__What the task asks__: Word for word, copy the line containing "50Th Wedding" and every line after it in the records below, leaving pictures out.

=-=-=-=-=

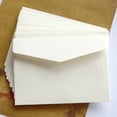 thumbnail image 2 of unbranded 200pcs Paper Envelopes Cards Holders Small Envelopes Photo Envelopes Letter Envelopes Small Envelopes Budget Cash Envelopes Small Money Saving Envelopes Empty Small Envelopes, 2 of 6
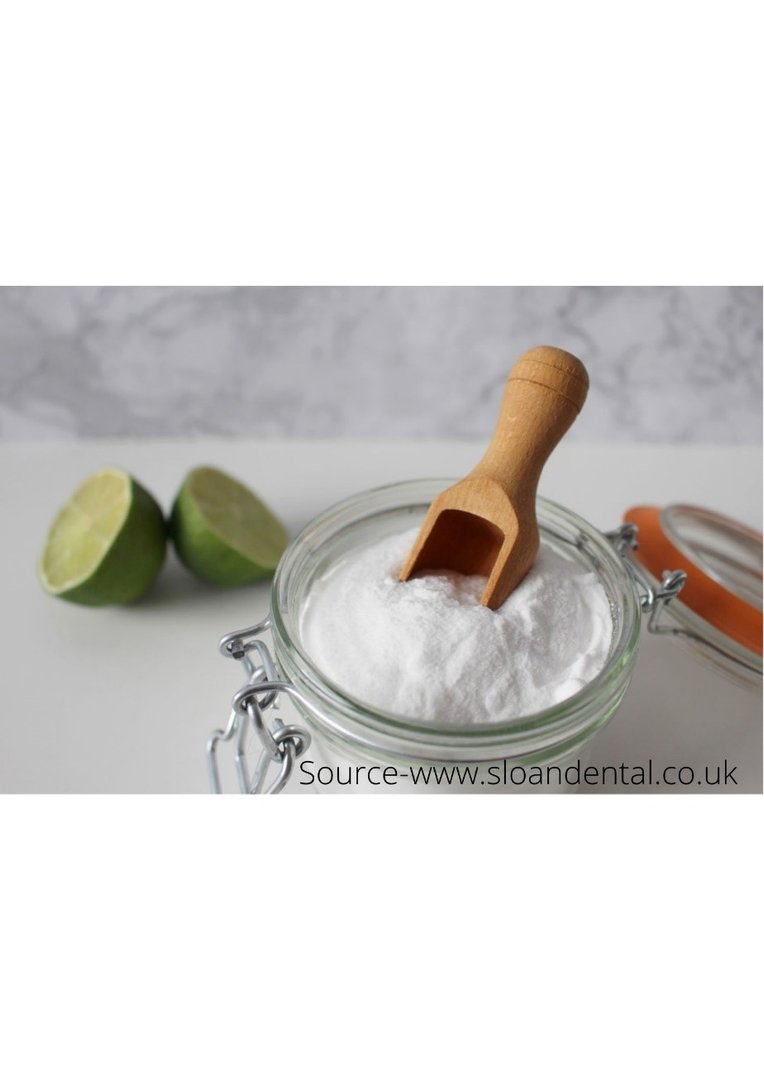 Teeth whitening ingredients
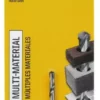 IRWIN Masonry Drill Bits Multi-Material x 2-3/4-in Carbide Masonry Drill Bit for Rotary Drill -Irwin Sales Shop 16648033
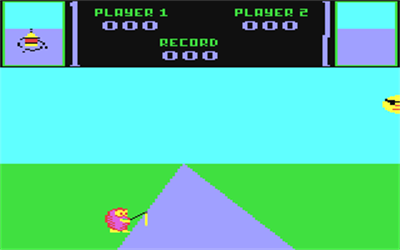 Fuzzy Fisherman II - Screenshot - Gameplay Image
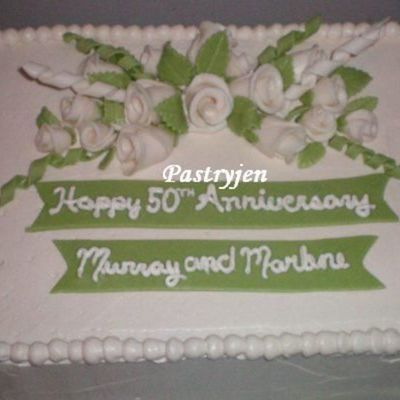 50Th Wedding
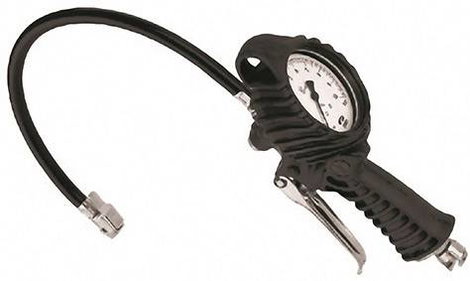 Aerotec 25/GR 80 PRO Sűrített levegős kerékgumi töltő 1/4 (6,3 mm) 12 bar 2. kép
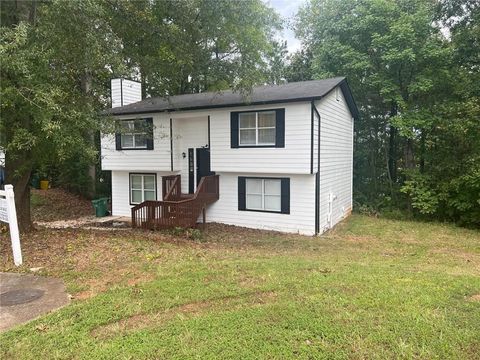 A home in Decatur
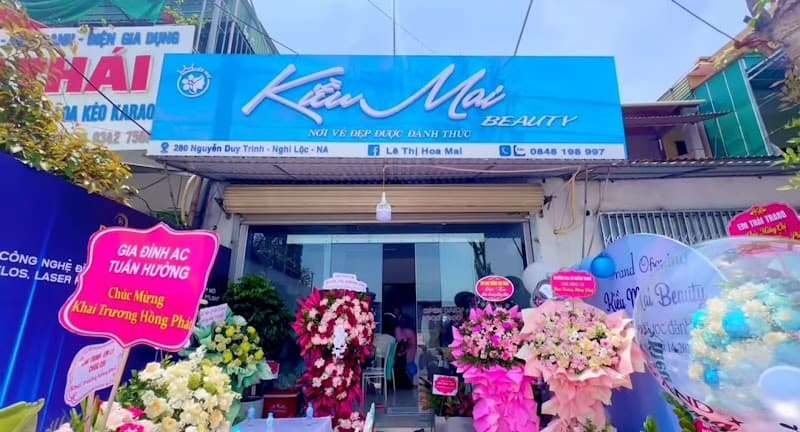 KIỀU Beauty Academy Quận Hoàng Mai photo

=-=-=-=-=

__Written answer__:
 50Th Wedding
 Aerotec 25/GR 80 PRO Sűrített levegős kerékgumi töltő 1/4 (6,3 mm) 12 bar 2. kép
 A home in Decatur
 KIỀU Beauty Academy Quận Hoàng Mai photo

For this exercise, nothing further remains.